Problem to work on. Your answer should hold exactly the lines below from the line with "Sell Kia Stonic" through the line with "Used 2025 Toyota Corolla Cross LE image 27", both included, and no pictures at all.

Supplied material.
+ + + + +

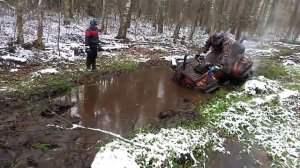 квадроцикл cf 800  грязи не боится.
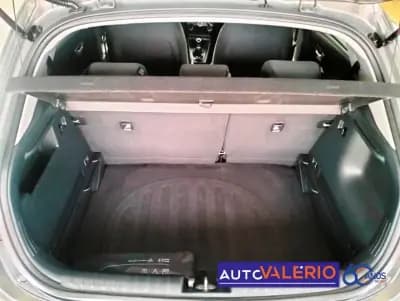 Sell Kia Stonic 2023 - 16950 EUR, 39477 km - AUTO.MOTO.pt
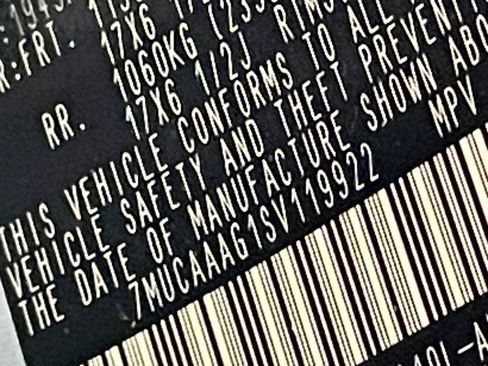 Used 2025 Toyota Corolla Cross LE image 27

+ + + + +

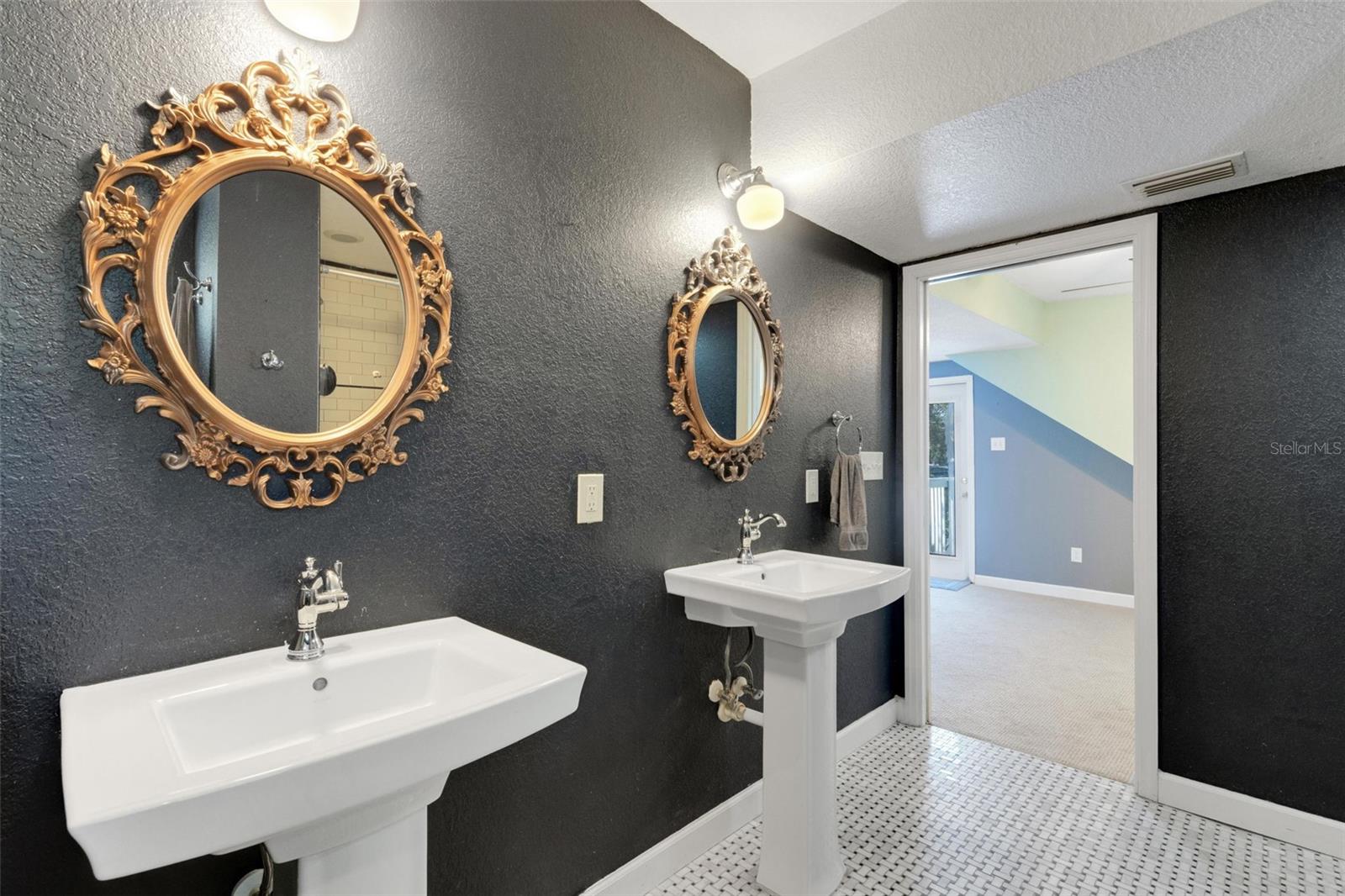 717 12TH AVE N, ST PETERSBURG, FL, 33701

+ + + + +

Result below.
 Sell Kia Stonic 2023 - 16950 EUR, 39477 km - AUTO.MOTO.pt
 Used 2025 Toyota Corolla Cross LE image 27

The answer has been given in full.